India’s HDFC Bank sees margins drop, bad loans rise post $40 billion merger

MUMBAI (Reuters) -India’s HDFC Bank reported a sharp sequential drop in its lending margin and an increase in bad loans for the second quarter as it reported results as a single company for the first time since merging with parent Housing Development Finance Corp (HDFC).

HDFC Bank merged with HDFC on July 1 in a $40 billion deal to better tap rising demand for credit.

Net interest margin at India’s largest private lender fell to 3.4% on all assets and 3.6% on interest-earning ones.

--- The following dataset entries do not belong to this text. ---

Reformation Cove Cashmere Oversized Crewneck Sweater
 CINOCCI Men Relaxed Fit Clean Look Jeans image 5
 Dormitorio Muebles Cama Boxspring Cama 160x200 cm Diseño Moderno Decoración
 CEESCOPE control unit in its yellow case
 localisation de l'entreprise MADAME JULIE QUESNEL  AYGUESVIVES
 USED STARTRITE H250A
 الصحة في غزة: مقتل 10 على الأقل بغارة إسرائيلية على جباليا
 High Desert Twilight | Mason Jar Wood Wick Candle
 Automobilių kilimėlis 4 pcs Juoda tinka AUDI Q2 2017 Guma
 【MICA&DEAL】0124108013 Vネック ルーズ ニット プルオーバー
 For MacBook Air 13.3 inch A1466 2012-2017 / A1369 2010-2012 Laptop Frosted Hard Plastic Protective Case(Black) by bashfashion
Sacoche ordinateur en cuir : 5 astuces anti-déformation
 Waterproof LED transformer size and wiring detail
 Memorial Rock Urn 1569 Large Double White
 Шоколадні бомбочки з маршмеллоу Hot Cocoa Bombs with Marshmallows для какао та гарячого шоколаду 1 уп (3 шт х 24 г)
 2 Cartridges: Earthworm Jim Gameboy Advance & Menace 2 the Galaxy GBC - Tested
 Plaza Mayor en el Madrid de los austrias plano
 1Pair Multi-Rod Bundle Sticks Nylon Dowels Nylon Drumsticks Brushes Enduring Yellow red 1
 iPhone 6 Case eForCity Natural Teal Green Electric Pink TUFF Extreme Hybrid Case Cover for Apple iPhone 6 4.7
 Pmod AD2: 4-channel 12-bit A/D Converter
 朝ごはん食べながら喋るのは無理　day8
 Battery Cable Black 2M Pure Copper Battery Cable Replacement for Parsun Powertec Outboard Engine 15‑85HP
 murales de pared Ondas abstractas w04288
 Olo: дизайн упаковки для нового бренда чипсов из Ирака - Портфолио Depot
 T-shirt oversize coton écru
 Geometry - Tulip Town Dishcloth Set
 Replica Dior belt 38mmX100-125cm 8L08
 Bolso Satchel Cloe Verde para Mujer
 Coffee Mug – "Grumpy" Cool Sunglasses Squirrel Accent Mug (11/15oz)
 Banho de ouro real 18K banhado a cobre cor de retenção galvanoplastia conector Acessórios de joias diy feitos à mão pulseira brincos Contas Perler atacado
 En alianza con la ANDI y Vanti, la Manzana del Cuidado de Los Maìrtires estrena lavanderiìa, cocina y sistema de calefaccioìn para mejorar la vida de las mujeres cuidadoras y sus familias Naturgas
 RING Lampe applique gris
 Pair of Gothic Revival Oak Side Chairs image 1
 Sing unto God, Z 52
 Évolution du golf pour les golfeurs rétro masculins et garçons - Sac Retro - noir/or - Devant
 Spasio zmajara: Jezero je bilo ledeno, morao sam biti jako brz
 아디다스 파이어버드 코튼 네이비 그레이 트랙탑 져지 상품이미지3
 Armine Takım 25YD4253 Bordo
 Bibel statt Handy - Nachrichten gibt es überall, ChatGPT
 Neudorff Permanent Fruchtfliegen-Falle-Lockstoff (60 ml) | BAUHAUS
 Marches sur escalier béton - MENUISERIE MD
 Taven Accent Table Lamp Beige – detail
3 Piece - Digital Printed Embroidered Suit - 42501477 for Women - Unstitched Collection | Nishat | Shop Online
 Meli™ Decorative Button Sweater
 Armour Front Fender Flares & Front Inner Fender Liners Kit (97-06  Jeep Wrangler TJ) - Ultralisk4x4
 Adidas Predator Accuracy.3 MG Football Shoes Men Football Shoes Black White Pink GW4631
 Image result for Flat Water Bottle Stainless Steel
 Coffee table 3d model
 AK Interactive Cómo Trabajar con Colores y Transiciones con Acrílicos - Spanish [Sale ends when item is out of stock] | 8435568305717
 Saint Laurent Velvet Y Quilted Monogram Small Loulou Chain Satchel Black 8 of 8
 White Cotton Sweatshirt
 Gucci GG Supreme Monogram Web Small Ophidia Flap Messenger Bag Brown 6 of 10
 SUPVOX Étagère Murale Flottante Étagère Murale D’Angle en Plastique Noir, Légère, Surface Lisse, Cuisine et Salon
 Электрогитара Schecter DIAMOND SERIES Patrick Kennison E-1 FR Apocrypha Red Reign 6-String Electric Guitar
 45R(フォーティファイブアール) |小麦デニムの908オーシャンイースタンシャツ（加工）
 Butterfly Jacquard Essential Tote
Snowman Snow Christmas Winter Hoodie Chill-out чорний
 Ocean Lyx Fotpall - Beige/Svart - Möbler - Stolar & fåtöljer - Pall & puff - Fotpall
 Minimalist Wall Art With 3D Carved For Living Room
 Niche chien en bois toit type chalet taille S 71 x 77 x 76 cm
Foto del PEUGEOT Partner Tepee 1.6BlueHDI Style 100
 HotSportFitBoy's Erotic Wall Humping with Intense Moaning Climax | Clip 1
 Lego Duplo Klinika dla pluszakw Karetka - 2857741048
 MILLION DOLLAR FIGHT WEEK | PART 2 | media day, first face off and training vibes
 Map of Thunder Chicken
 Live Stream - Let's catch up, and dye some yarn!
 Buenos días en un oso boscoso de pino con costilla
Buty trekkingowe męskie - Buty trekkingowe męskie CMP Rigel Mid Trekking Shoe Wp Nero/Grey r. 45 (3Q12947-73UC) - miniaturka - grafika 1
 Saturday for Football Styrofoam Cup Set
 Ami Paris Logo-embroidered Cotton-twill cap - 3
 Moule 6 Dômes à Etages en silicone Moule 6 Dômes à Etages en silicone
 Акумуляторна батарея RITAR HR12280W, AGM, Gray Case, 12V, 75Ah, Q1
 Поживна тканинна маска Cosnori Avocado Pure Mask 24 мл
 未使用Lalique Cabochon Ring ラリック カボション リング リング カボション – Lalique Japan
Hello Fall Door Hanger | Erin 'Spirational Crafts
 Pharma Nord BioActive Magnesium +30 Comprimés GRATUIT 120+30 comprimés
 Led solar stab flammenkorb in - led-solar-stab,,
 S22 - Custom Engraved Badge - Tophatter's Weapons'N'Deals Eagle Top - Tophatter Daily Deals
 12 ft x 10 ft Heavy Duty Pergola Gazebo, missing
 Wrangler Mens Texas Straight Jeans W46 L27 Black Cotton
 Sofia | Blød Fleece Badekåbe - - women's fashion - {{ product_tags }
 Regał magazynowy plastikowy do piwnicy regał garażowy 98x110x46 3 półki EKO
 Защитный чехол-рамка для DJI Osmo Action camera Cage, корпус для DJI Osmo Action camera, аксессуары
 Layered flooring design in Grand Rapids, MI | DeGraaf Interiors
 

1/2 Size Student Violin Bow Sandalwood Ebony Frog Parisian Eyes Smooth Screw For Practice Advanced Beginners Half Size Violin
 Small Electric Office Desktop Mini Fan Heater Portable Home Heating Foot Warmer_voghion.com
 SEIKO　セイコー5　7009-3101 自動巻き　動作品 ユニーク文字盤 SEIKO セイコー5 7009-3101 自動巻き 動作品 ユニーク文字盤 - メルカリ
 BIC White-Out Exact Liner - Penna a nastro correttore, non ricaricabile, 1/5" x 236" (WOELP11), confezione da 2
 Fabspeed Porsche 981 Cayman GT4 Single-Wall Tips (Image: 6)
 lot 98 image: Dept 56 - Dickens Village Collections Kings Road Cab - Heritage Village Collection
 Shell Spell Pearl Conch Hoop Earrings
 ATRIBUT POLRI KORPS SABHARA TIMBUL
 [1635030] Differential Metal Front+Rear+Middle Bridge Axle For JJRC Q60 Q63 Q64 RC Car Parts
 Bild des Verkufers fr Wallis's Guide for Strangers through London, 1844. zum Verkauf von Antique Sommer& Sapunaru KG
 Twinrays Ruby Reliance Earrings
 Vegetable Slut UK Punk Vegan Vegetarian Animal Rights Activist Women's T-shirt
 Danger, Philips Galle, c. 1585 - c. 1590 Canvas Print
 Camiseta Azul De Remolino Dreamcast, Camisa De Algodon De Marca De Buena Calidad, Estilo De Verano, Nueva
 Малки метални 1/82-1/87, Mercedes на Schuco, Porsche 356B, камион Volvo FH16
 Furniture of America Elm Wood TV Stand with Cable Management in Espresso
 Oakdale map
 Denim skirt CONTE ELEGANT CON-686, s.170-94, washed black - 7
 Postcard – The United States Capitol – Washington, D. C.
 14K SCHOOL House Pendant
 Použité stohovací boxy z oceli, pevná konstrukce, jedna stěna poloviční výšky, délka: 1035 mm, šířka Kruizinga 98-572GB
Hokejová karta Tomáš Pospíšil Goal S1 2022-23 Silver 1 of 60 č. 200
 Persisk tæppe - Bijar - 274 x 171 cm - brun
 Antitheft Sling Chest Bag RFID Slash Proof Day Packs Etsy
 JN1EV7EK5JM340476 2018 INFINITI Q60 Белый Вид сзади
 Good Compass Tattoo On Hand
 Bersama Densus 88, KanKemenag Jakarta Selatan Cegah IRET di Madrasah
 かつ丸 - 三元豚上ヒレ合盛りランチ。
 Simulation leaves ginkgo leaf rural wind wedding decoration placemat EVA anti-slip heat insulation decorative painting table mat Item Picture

Net interest margin (NIM) came in at 4.1% in the June quarter.

Organically, the merger of two entities would have translated into margins of 3.6%-3.7%, but additional liquidity held ahead of the merger resulted in a hit of 30-35 basis points, the bank’s chief financial officer Srinivasan Vaidyanathan said in a conference call with media.

Vaidyanathan did not say what margins would be in the next few quarters.

Net profit, not including its subsidiaries, stood at 159.76 billion rupees ($1.92 billion) for the quarter ended September. The numbers are not comparable to a year ago, when the lender and parent HDFC operated as separate firms.

Net interest income, or core lending income, stood at 273.85 billion rupees.

The bank’s gross non-performing assets (NPA) ratio rose to 1.34%, which included the impact of 45-50 billion rupees in loans restructured from the HDFC loan book. These restructured loans were categorised as non-performing as per current regulations, Vaidyanathan said.

The bank’s gross NPA ratio was 1.17% in the fiscal first quarter prior to the merger.

The gross NPA ratio was lower than the 1.41% for the combined entity on a pro forma basis at the end of the June quarter, the bank said. The bank has provided adequately for stressed loans and net bad loans, after provisions, rose 5 basis points to 0.35%.

Gross loans were at 23.55 trillion rupees, up 4.9% from the previous quarter on a like-to-like basis, the lender said. Post the merger, retail loans form 55% of the loan book.

However, the credit environment in the country is “benign” and the bank will continue to grow at a pace higher than the broader industry, Vaidyanathan said.

Deposits aggregated to about 21.73 trillion rupees at the end of September, a 5.3% increase from June end on a comparable basis.